MANISTIQUE - Just in time to decide its fate, Schoolcraft County Jail was opened up to the public Saturday afternoon. Tours were provided as a way to educate voters before Tuesday's election on the County Jail Facility Bond Proposal and a County Jail Operating Proposal.
The bond proposal consists of an estimated, non-capped, average millage rate of 1.21 mills per year over a time period not to exceed 20 years. This would be used to fund the construction of a new jail, not to exceed $5.96 million.
The operating millage would levy .5 mils per year for 20 years and raise approximately $170,000 per year to operate and maintain the new county jail facility. If passed, the operating millage would not be accepted by the county unless the bond proposal is also passed.
Schoolcraft County Sheriff's Deputy Kaydean Zellar, left, points out deficiencies in the county jail
On hand for Saturday's tours was Schoolcraft County Sheriff Grant Harris, who has been an advocate for the construction of a new jail. According to Harris, the current jail is so severely dilapidated that a new jail is the only long term way to meet the Michigan Department of Corrections (MDOC) standards.
"Now is the time for action because it's going to cost the county money either way," he said. "The best way, in my mind, is to build a new jail and not try to band aid this one any longer. It's beyond band aids; it's worn out."
During the tour, residents were able to ask questions about the existing jail facility, the bond and operating proposals, and why Camp Manistique is not a feasible option in the county's eyes.
"I do believe that they need a new facility, I just disagree that it needs to be built right here," said resident Shirley Saffer. "I don't see why Camp Manistique won't work. It's a relatively newer building, and I think it needs to be utilized."

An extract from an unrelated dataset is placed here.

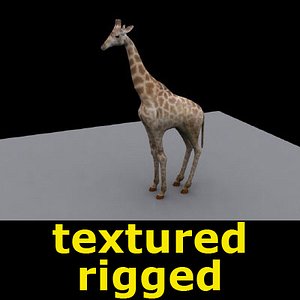 giraffe.max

A separate tour of Camp Manistique, which had also been scheduled for Saturday, was canceled after the Michigan Department of Corrections refused the request, said Harris.
Left to explain, Harris described to inquiring residents the open campus, low security prison nature of Camp Manistique. Making the facility suitable for a county jail would not only cost more in renovations, but more in operating costs, he said.
"I'm getting a lot of questions about why we can't use Camp Manistique, and I am trying to explain that it's not really the bricks and mortar that are the true cost of a jail, it's the operating costs," Harris explained. "Both plans are a 56-bed configuration, but Camp Manistique has 36,000 square feet that you have to heat and cool. The new jail would be 17,500 square feet."
Camp Manistique, because of its size, would also require three separate guard posts - meaning the jail would need between 13 and 15 staff, added Harris.
The new jail, on the other hand, would require only one to one and half posts, or around 7 to 8 staff members - what the jail currently has.
"We can operate the new jail without increasing or decreasing our staff. Camp Manistique would needmore people, and it costs more money to do that," he explained. "We shouldn't try to make Camp Manistique something it's not; we should just start from scratch and do it right. We need to build something that will be highly-efficient and operable."
As residents weaved their way in and out of the current facility's cramped corners, peeling paint and potentially unsafe conditions, many were quick to comment.
"This is enough to keep me on the straight and narrow," said one man.
Another participant, upon concluding the tour, informed Harris that she was glad she took the tour, and that it was "eye-opening."
Due to the condition of the jail, Harris said he had been expecting comments like those from the woman.
"I'm not a bleeding heart, but I believe that everyone that goes to jail is not a bad person. People make bad decisions and end up in jail and that could be any one of us," he said.
"The people that are put in jail need to be treated humanely and I can't wrap my mind around the fact that the conditions in this jail are just not humane."
As for the residents voting Tuesday, Harris said there is one thing they should keep in mind - money is going to be spent regardless.
"A 'no' vote is not 'no'," he said. "A 'no' vote means that either we are going to convert this into something that the MDOC wants or we are going to start trying to find beds elsewhere and they are hard to find."